• Provided entries:

= = = = =

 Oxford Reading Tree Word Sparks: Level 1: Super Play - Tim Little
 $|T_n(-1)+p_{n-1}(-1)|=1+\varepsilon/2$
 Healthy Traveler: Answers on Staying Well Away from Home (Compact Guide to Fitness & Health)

= = = = =

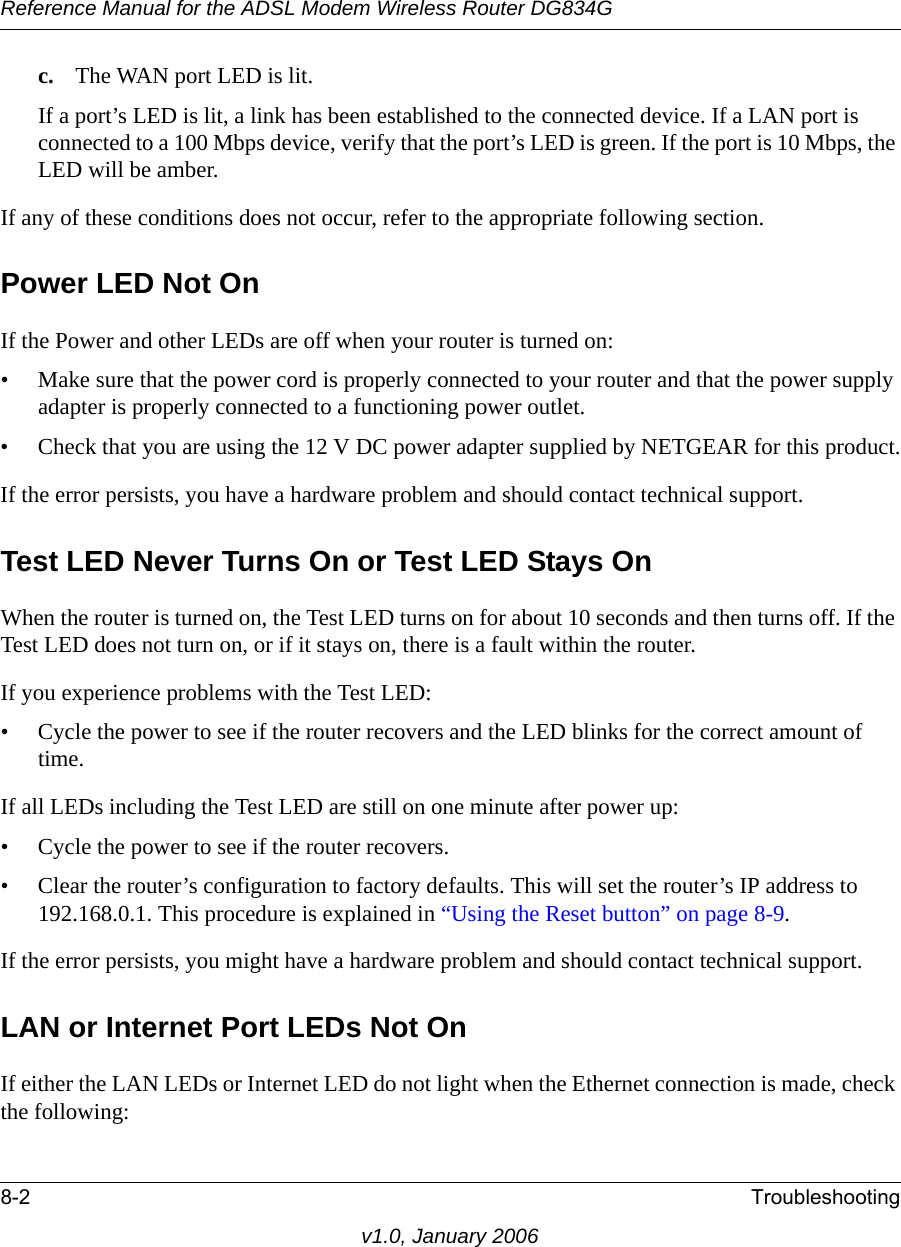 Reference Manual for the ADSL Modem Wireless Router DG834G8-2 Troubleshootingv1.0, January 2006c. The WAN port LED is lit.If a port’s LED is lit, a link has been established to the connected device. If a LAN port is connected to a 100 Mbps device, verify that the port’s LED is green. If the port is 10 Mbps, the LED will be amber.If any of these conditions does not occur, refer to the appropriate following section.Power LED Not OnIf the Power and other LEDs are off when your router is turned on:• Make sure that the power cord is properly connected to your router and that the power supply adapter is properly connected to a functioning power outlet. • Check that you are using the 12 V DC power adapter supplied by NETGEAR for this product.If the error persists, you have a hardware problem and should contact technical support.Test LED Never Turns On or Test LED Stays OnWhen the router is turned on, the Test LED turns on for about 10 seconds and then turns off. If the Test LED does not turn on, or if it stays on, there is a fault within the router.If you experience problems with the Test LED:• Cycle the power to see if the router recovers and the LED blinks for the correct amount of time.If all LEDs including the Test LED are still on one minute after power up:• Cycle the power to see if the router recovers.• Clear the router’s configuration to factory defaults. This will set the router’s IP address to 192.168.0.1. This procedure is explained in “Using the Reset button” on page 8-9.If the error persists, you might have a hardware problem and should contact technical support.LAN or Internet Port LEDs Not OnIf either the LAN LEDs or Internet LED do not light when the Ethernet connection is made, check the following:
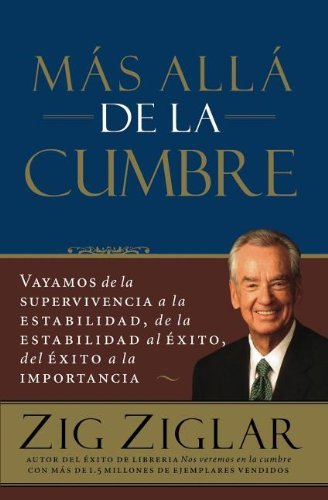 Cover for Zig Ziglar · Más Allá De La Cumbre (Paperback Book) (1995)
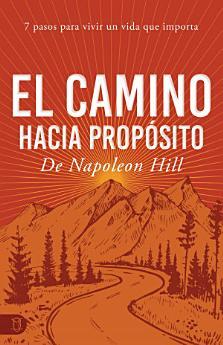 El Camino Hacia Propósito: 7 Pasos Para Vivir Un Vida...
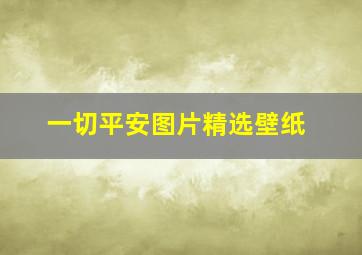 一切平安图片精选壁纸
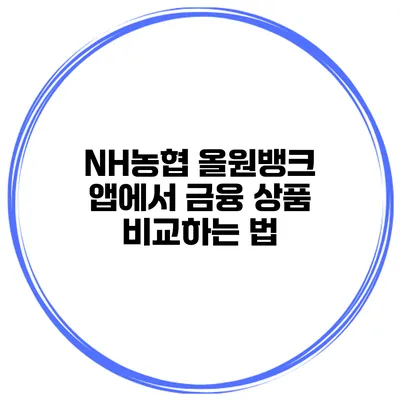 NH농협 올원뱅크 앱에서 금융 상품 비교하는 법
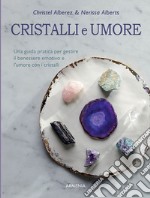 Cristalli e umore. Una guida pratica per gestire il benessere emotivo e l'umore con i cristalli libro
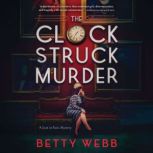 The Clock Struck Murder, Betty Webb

= = = = =

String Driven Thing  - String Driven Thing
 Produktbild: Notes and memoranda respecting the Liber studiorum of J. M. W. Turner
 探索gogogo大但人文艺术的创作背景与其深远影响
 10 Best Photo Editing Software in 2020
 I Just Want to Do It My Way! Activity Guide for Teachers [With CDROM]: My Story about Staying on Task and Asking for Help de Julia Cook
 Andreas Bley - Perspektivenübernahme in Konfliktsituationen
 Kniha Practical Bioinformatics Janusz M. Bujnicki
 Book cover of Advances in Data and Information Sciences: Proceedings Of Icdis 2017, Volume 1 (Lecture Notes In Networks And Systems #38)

= = = = =

• Exercise brief:
In the listing above, find the line holding "Cover for Zig" and the line holding "The Clock Struck Murder, Betty Webb". Reproduce those two lines and all between them exactly, leaving out pictures.

• Response to the exercise:
 Cover for Zig Ziglar · Más Allá De La Cumbre (Paperback Book) (1995)
 El Camino Hacia Propósito: 7 Pasos Para Vivir Un Vida...
 一切平安图片精选壁纸
 NH농협 올원뱅크 앱에서 금융 상품 비교하는 법
 Cristalli e umore. Una guida pratica per gestire il benessere emotivo e l'umore con i cristalli libro
 The Clock Struck Murder, Betty Webb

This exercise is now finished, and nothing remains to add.